En las mismas horas, el Presidente Boric decía en Nueva York algo distinto: que valora a los gobiernos que lo antecedieron en los pasados 30 años -los que “redujeron notablemente la pobreza”. No es exactamente lo contrario de lo que dijo Velasco, pero plantea un desajuste de posiciones. El Presidente evita agredir a una parte de su coalición -el Socialismo Democrático-, mientras que el embajador no se da por enterado de ese cambio. Uno de los dos está equivocado; o uno de los dos está simulando.
La segunda cosa llamativa de las palabras de Velasco es su interpretación del plebiscito del 4 de septiembre, cuyo resultado atribuyó a las fake news, nuevamente el discurso estándar de la izquierda sorprendida. En Nueva York, Boric ensayó una cierta lírica (“nunca un gobierno puede sentirse derrotado cuando un pueblo se pronuncia”) y una interpretación moderada (una ciudadanía que busca “un futuro de cambio con estabilidad”); para el embajador, el texto constitucional era “inmensamente progresista”, mientas que el Presidente más bien describe sus excesos. Nuevamente, no coinciden con exactitud.
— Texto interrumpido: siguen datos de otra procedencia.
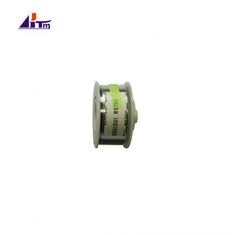 एटीएम स्पेयर पार्ट्स एनसीआर एस्क्रो बीएनए3 टेप रील सेट 998-0912694 998-0912695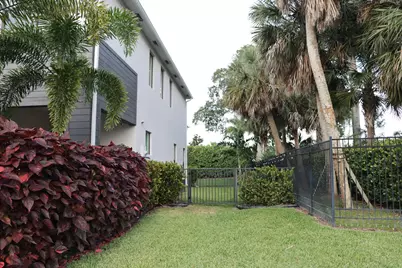 4454 Serpens Lane, Lake Worth, FL 33467 - Photo 44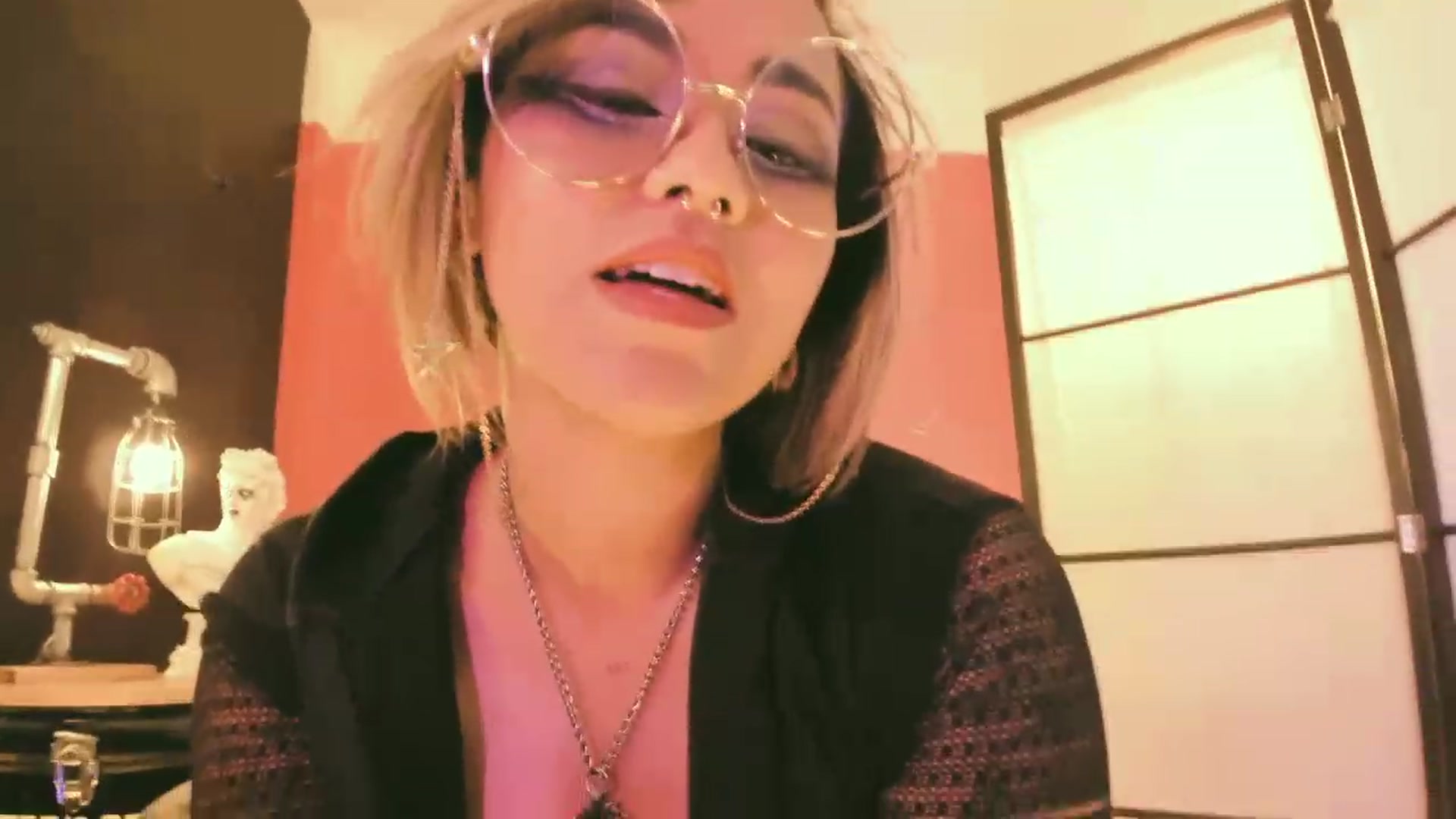 Gallery image thumbnail from AbraxxysRadio's myfreecams stream on, 07/22/2023, 17:59 image 15 of 20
Quizás no haya que exagerar diferencias de este tipo entre un Presidente y un funcionario. Pero ocurre que, en conjunto y a pesar de su notoria discrepancia, ambos dejan abierta la duda principal: si el gobierno no entendió el plebiscito como una derrota, ¿qué es exactamente lo que define el “futuro de cambio con estabilidad”? Los discursos del embajador y el Presidente sí coinciden en interpretar la contundencia del resultado de una forma muy limitada: uno, culpando a la campaña adversaria; el otro, decidiendo que nada dijo sobre el gobierno. Fue apenas algo así como una escaramuza más.
(Nota aparte merece el homenaje de Boric al Presidente Salvador Allende. En el enorme fresco que constituye la tragedia de Allende, ocupa un trozo muy importante la pugna irresoluta entre el radicalismo de izquierda que se infatuaba con la imagen de un nuevo Vietnam y una izquierda moderada que quería avanzar más lentamente. En aquel caso el radicalismo estuvo en el PS y la moderación, en el PC. Hoy es al revés. No hay nada en sus palabras que lo sugiera, pero esa referencia ¿incluye una intuición de que el gobierno se encamina hacia una pugna del mismo tipo?).
La cuestión de la comprensión cabal del plebiscito es decisiva para lo que venga. De eso depende que el gobierno contribuya a alentar el ultrismo de la ingobernabilidad -aun sin desearlo- o de poner fin a esa fase y abrir otra senda para los próximos 42 meses.